Captioned web image data:
# # #

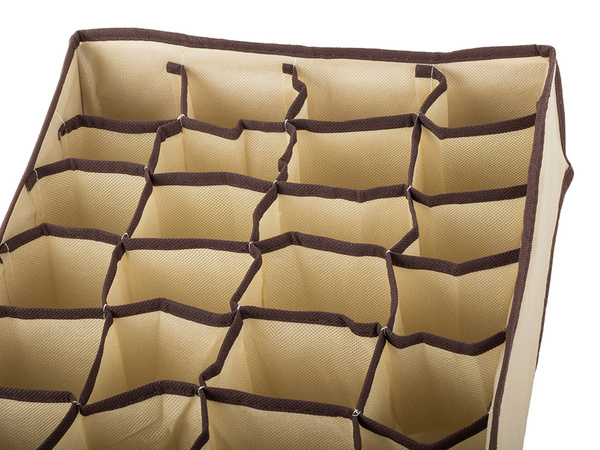 Organizator lenjerie de corp sertar șosete bej 24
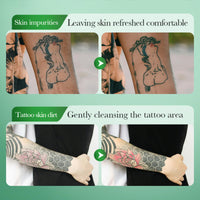 CTUBLIAUNX Tattoo Foaming Cleanser, Tattoo Aftercare Cleansing Foam, Tattoo Clean Soap, Moisturizing & Colour Protection, 150ml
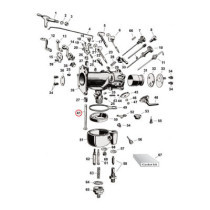 Throttle shaft, 1" Linkert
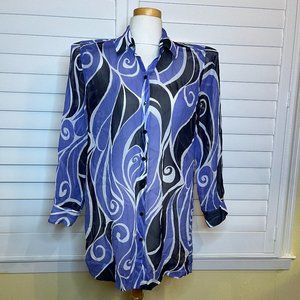 Chico's Sheer Silk Top, Sz 1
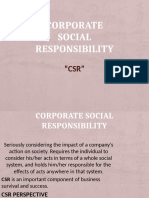 Corporate Social Responsibility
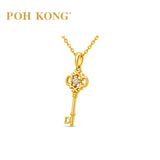 POH KONG 750/18K Yellow Gold Vintage Key Pendant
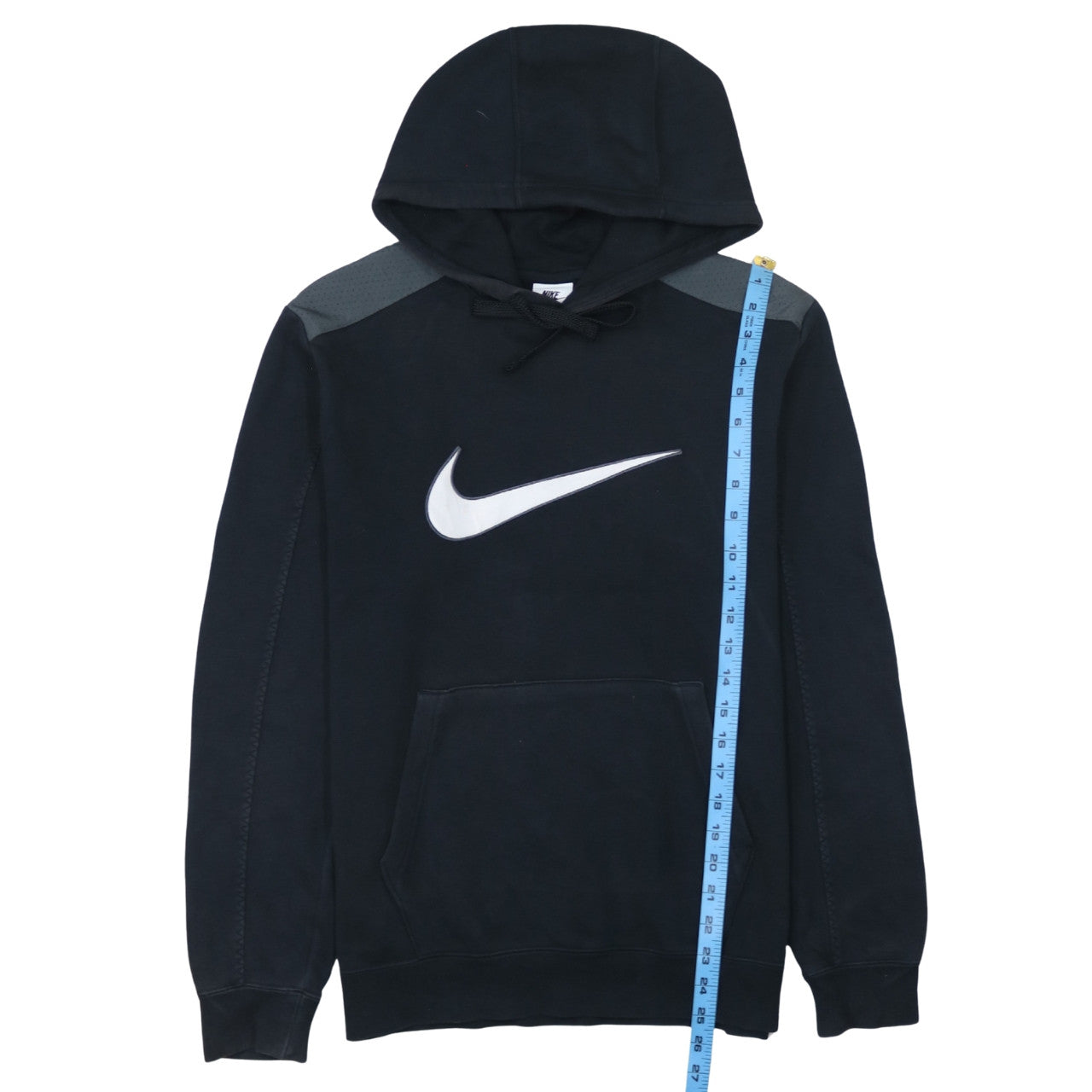 Mens UK Size S Nike Black Pullover Hoodie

# # #

ACTIVITY - Give back the entries above exactly as they stand. Leave the images out.

SOLUTION TO THIS EXERCISE -
 Organizator lenjerie de corp sertar șosete bej 24
 CTUBLIAUNX Tattoo Foaming Cleanser, Tattoo Aftercare Cleansing Foam, Tattoo Clean Soap, Moisturizing & Colour Protection, 150ml
 Throttle shaft, 1" Linkert
 Chico's Sheer Silk Top, Sz 1
 Corporate Social Responsibility
 POH KONG 750/18K Yellow Gold Vintage Key Pendant
 Mens UK Size S Nike Black Pullover Hoodie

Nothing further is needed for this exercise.